> [WORK REQUEST]: From top to bottom, retype the data exactly, passing over any picture.

> [MATERIAL PROVIDED]:
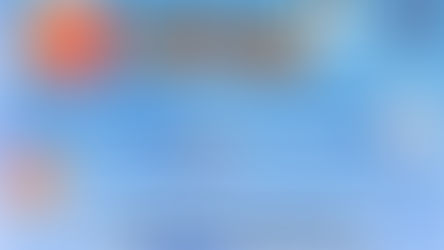 Come celebrate and stay informed with us!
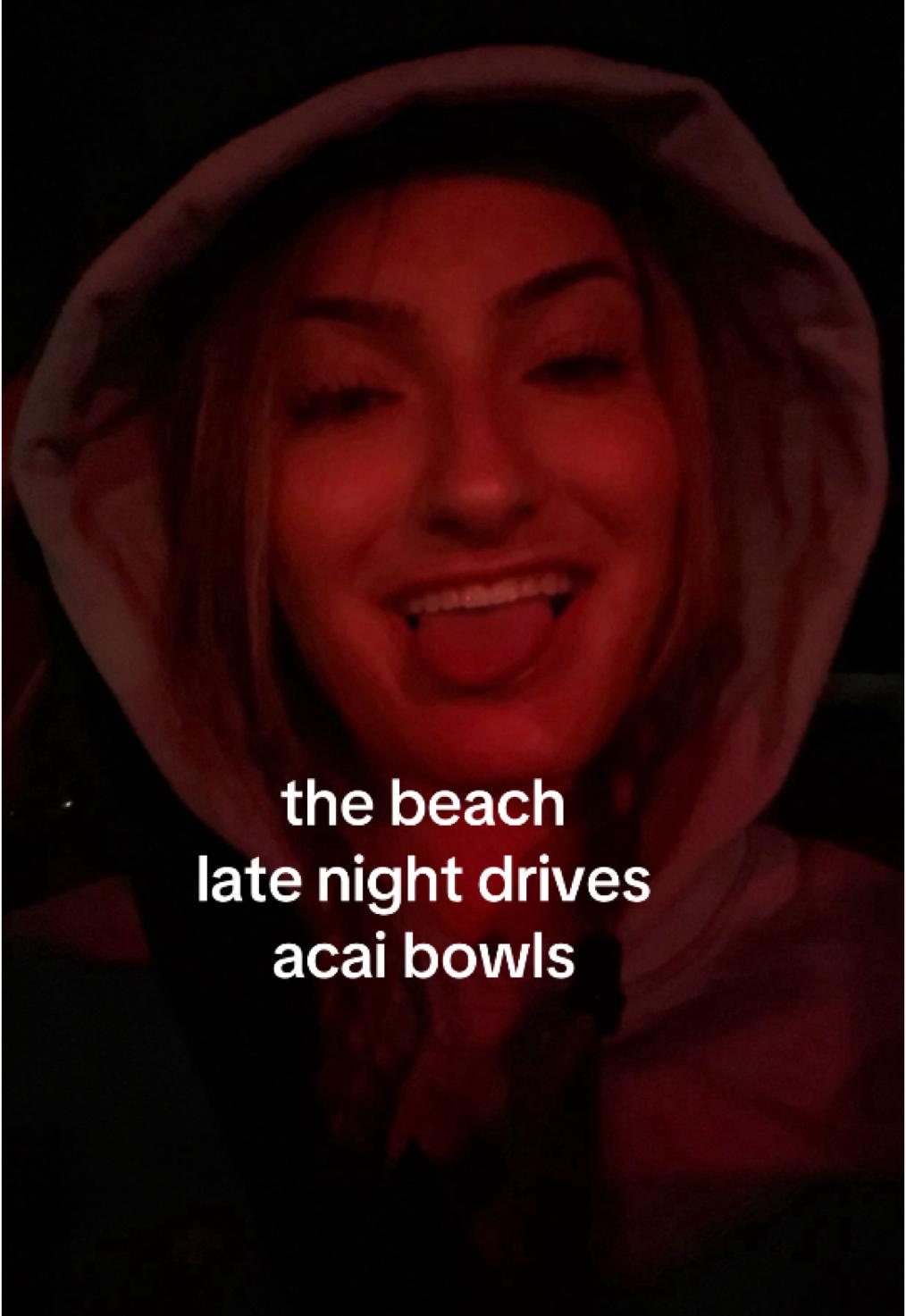 @juju
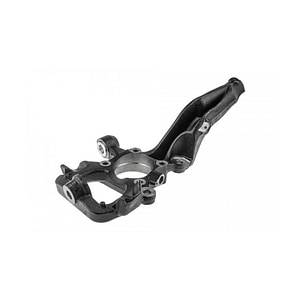 Fuzeta fata NTY, pentru Land Rover Range Rover Sport 2005-2013 L320 RUB500330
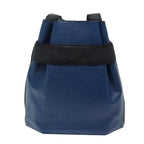 LO-LV bags 6640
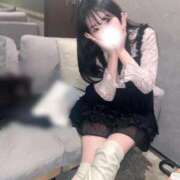 ヒメ日記 2025/12/27 22:50 投稿 はるの 浜松ハンパじゃない学園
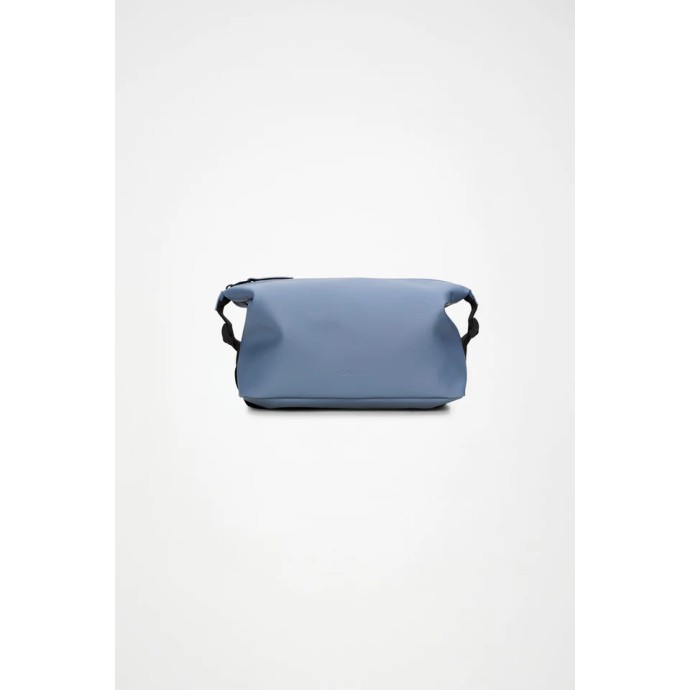 Νεσεσέρ Rains Hilo Wash Bag 1563-172 Blue Dusk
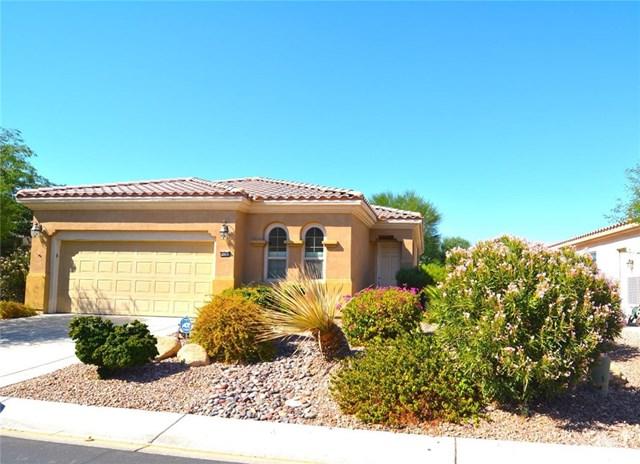 81382 Avenida Altamira - Photo 1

> [SOLUTION TO THIS TASK]:
 Come celebrate and stay informed with us!
 @juju
 Fuzeta fata NTY, pentru Land Rover Range Rover Sport 2005-2013 L320 RUB500330
 LO-LV bags 6640
 ヒメ日記 2025/12/27 22:50 投稿 はるの 浜松ハンパじゃない学園
 Νεσεσέρ Rains Hilo Wash Bag 1563-172 Blue Dusk
 81382 Avenida Altamira - Photo 1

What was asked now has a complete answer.